MEMS gyroscope short-term noise performance has almost reached its theoretical limits; however, long-term drift still remains as a bottleneck for inertial navigation. Suppressing long-term drift is a challenging task, and 0-drift aims to eliminate drift using a novel on-chip stress calibration method. We acknowledge that drift will occur, and our goal is to calibrate for it. We see the scale factor temperature calibration with on-chip stress sensors work as the most important breakthrough result of the 0-drift. The gyroscope scale factor depends on multiple electrostatic and mechanical parameters.

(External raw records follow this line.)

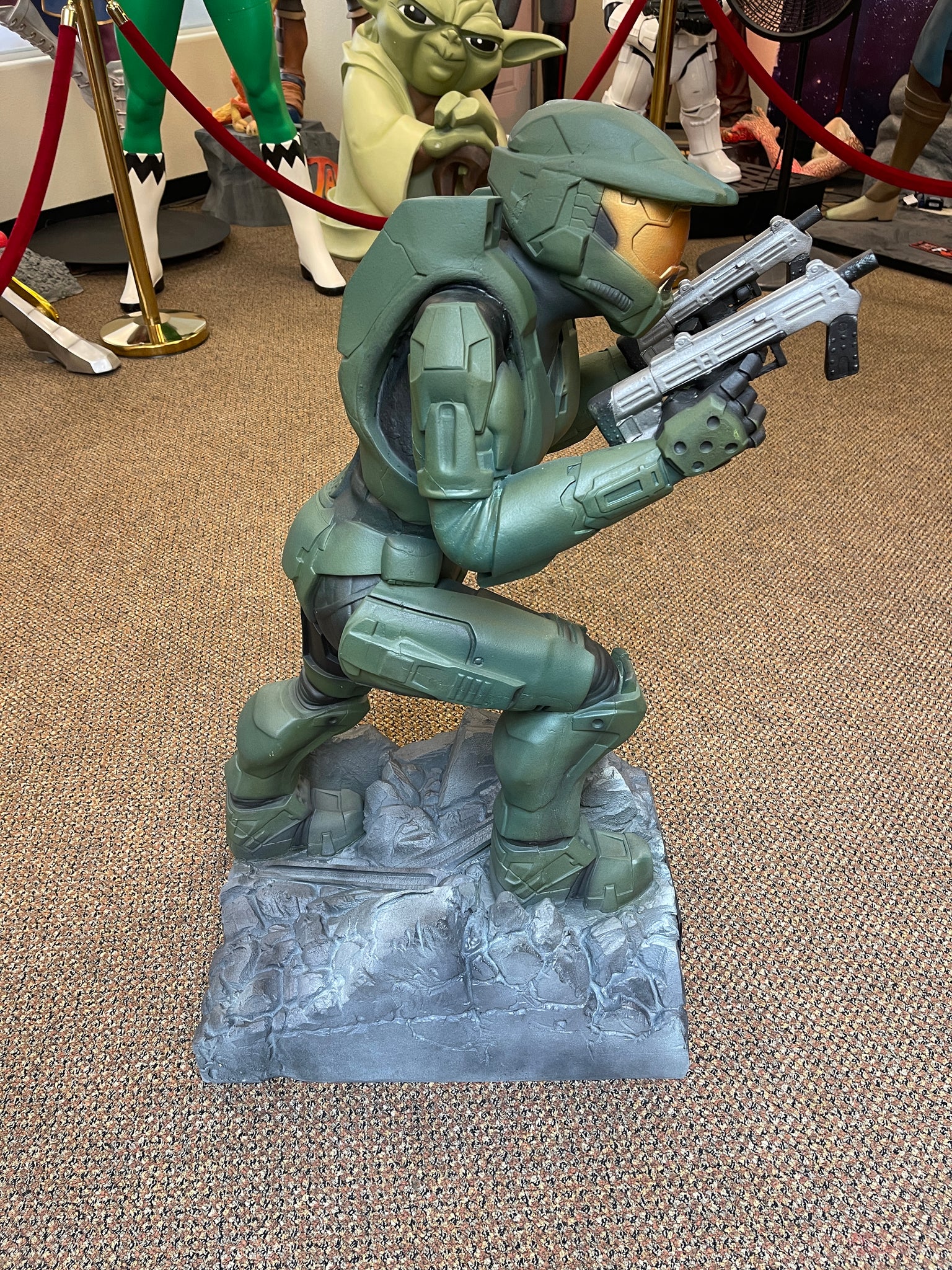 halo master chief statue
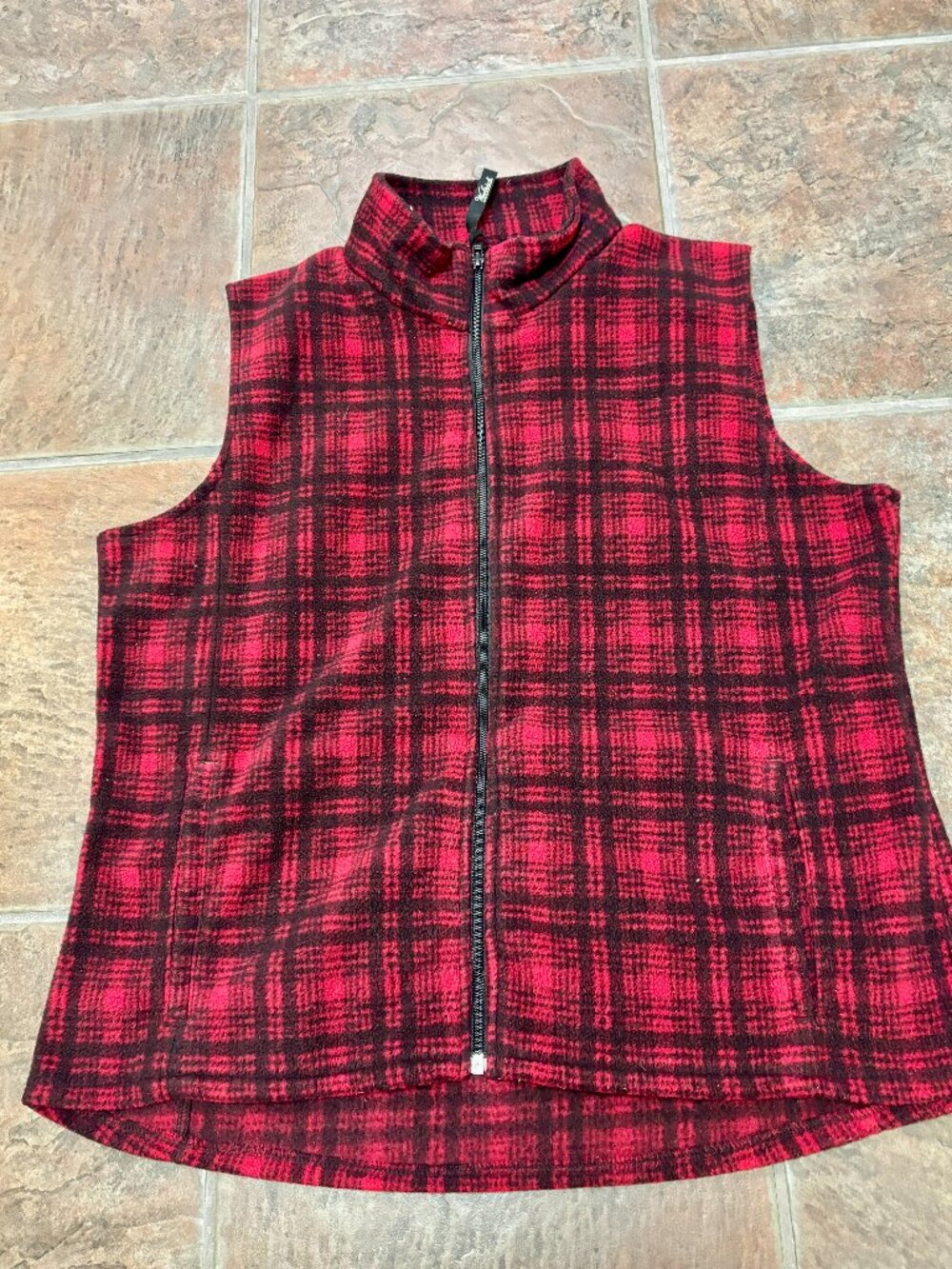 ~~Woolrich Women's XL Red Black Hunt Buffalo Plaid Fleece Full Zip Vest..VGUC!!!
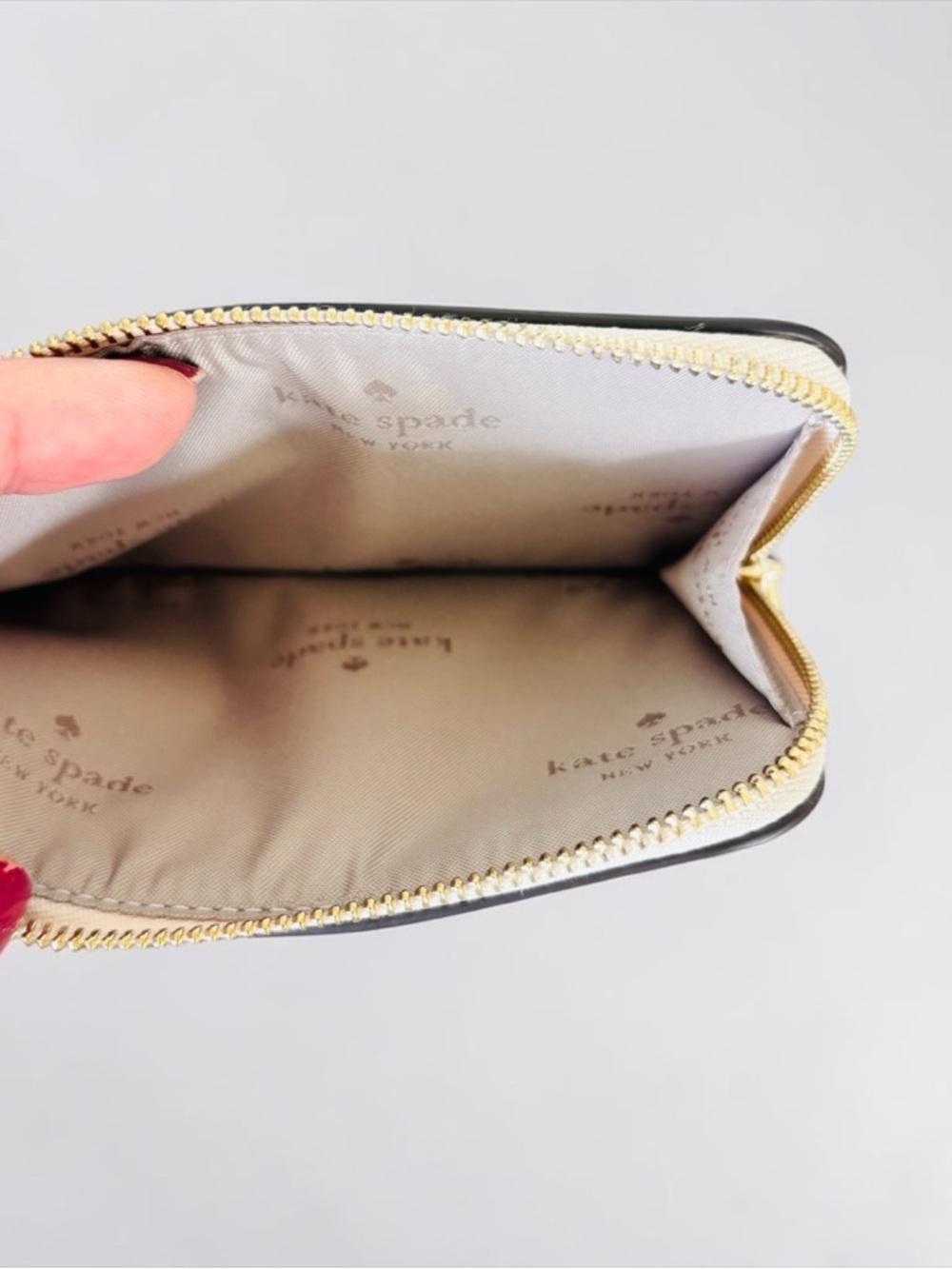 Kate Spade NWT Lucy L-zip Cream Floral Monogram Wristlet with Contrast Trim - Picture 2 of 4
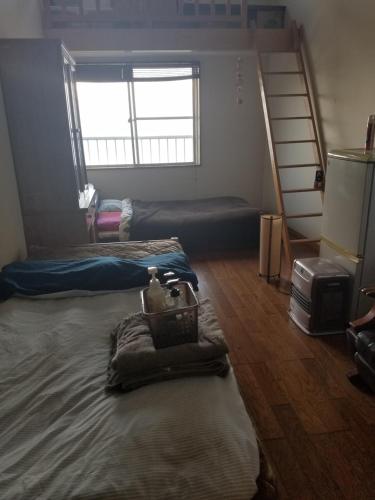 宫崎Ocean Home Guest House的一间卧室配有两张床和一张双层床。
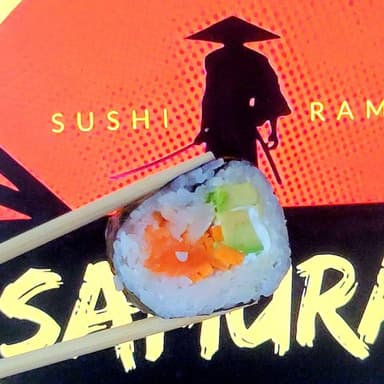 MAKI ROLL SUSHI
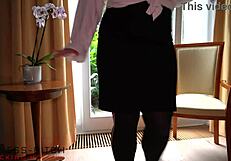 Uhh, sexy secretaresse neukt baas bij hotelraam, zo riskant!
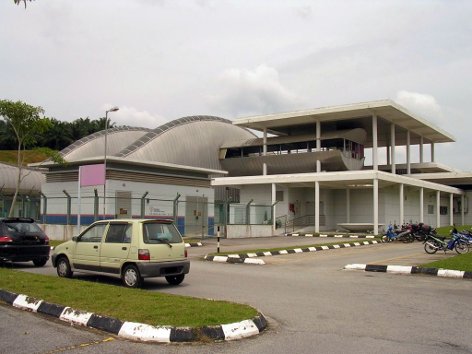 Parking bays near the Salak Tinggi ERL station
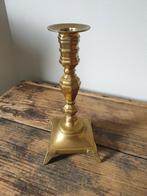 Chandelier en cuivre, Enlèvement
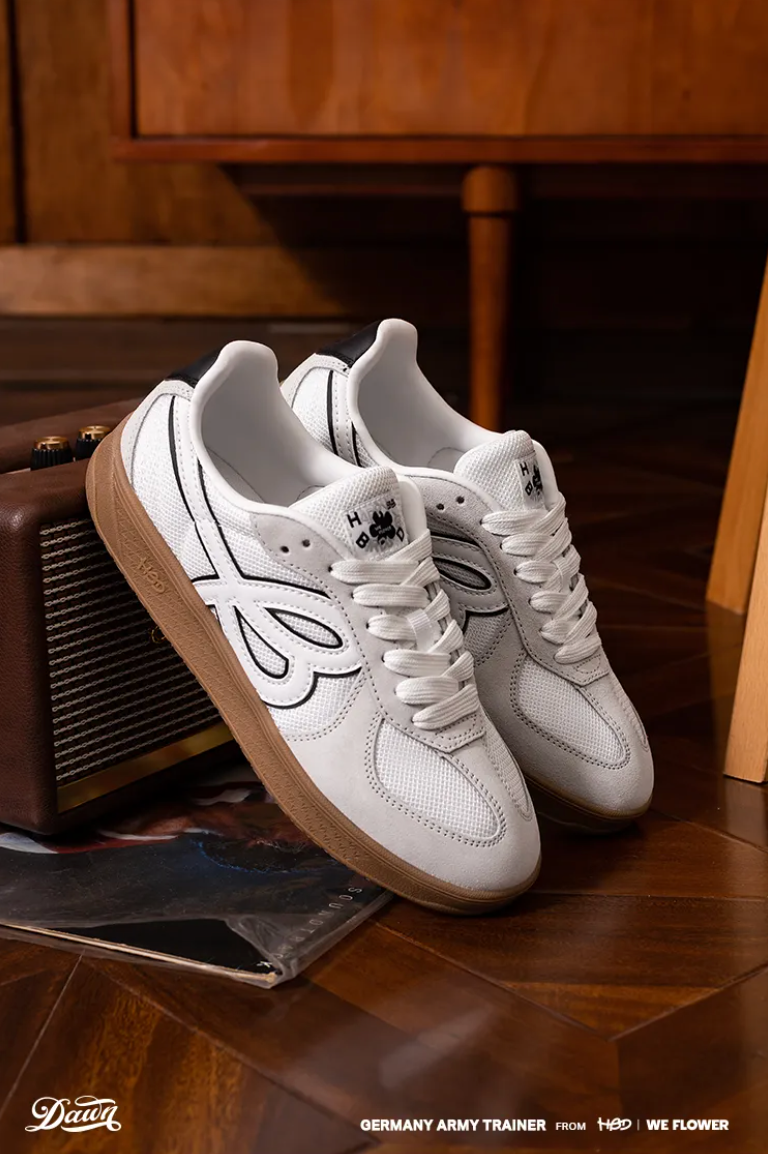 HBD/We Flower Joint Name Retro German Training Shoes - WHITE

Conventional calibration methods employ an average temperature measurement, which cannot predict these device parameter variations with enough resolution. The distributed on-chip measurements accurately captured the key device parameters and resulted in orders of magnitude better temperature stability than the commercial counterparts. The reported temperature stability of 30ppm with no indication of drift sets the current MEMS state of the art stability. Along with experimental results, our state of the art analytical model unveils the physics behind the environmental stress and temperature effects on the device. We were able to distinguish ppm level signals without finite element analysis (FEA), which allowed us to observe all the electrostatic and mechanical variations within a micro-scale sensor. 0-drift targets to achieve self stress calibration at the end of the project, and the analytical model will be a major building model for the calibration.